[Brief descriptive captions]
☆ ☆ ☆ ☆ ☆ ☆ ☆
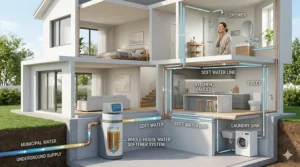 Simple blueprint showing a water softener installed at the main water line for a skin-safe home.
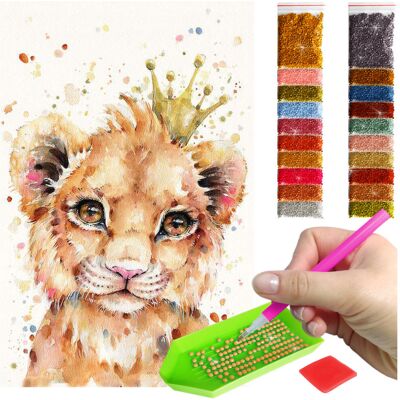 Haft Diamentowy ARTULIO, Obraz DIY 5D, Diamond Painting, Mozaika Diamentowa 30X40cm (Malowniczy lew) + Zestaw Akcesoriów Haft Diamentowy ARTULIO, Obraz DIY 5D, Diamond Painting, Mozaika Diamentowa 30X40cm (Malowniczy lew) + Zestaw Akcesoriów
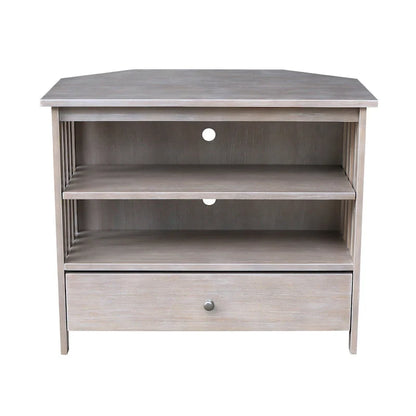 Meuble TV d'angle en bois massif de style Mission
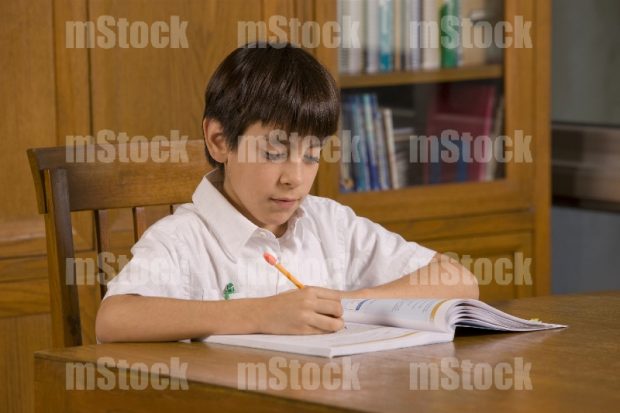 Niño haciendo tarea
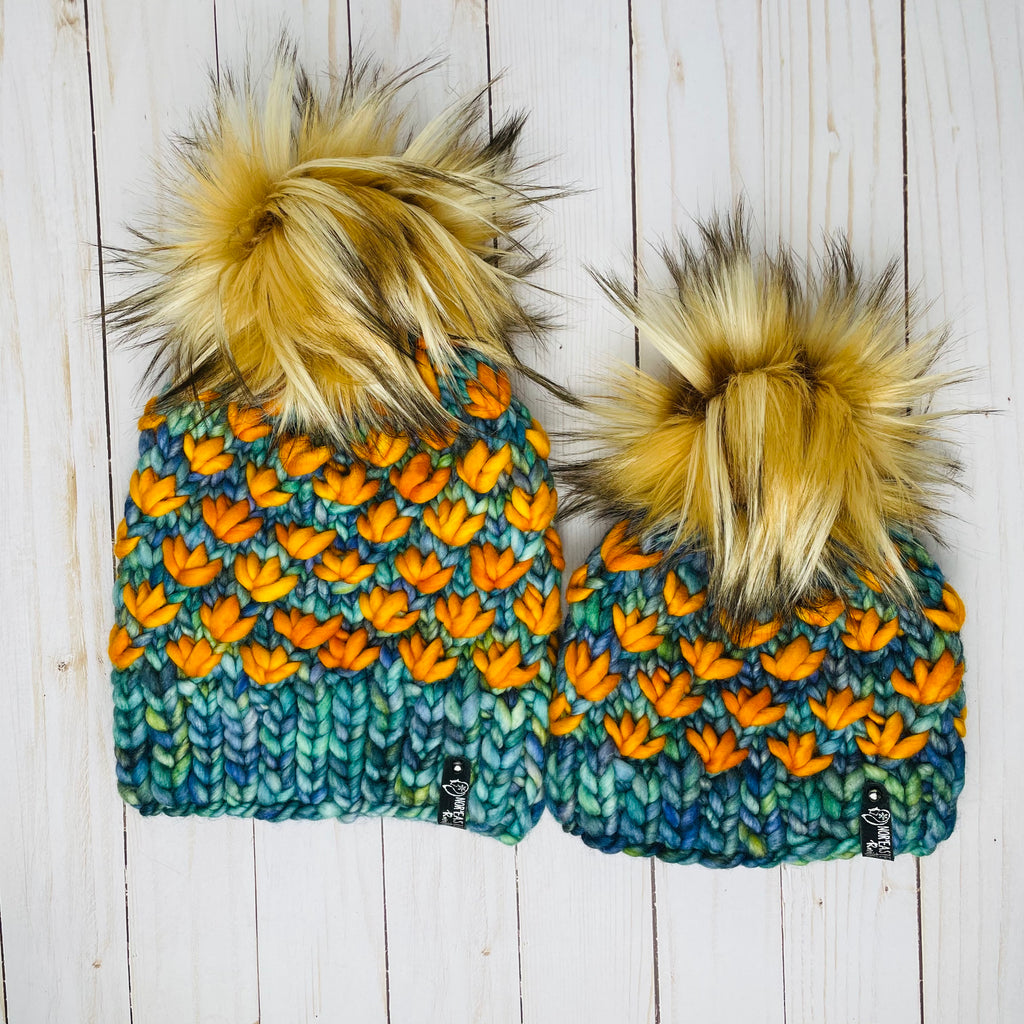 Indacita Sunset Lotus Flower Beanie 100% Merino Wool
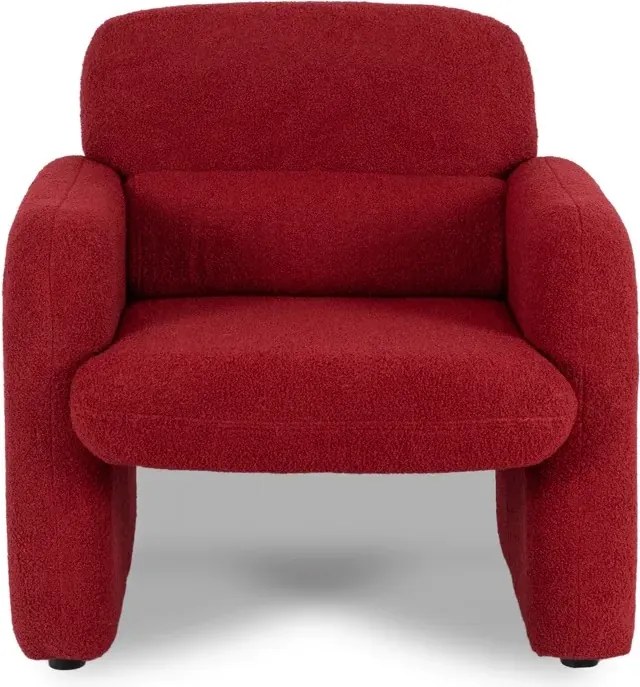 Czerwony fotel boucle w stylu nowoczesnym Z7-M29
☆ ☆ ☆ ☆ ☆ ☆ ☆
▶ _Description of the task_:
Excluding every picture, write out each record word for word.

▶ _Solution for this task_:
 Simple blueprint showing a water softener installed at the main water line for a skin-safe home.
 Haft Diamentowy ARTULIO, Obraz DIY 5D, Diamond Painting, Mozaika Diamentowa 30X40cm (Malowniczy lew) + Zestaw Akcesoriów Haft Diamentowy ARTULIO, Obraz DIY 5D, Diamond Painting, Mozaika Diamentowa 30X40cm (Malowniczy lew) + Zestaw Akcesoriów
 Meuble TV d'angle en bois massif de style Mission
 Niño haciendo tarea
 Indacita Sunset Lotus Flower Beanie 100% Merino Wool
 Czerwony fotel boucle w stylu nowoczesnym Z7-M29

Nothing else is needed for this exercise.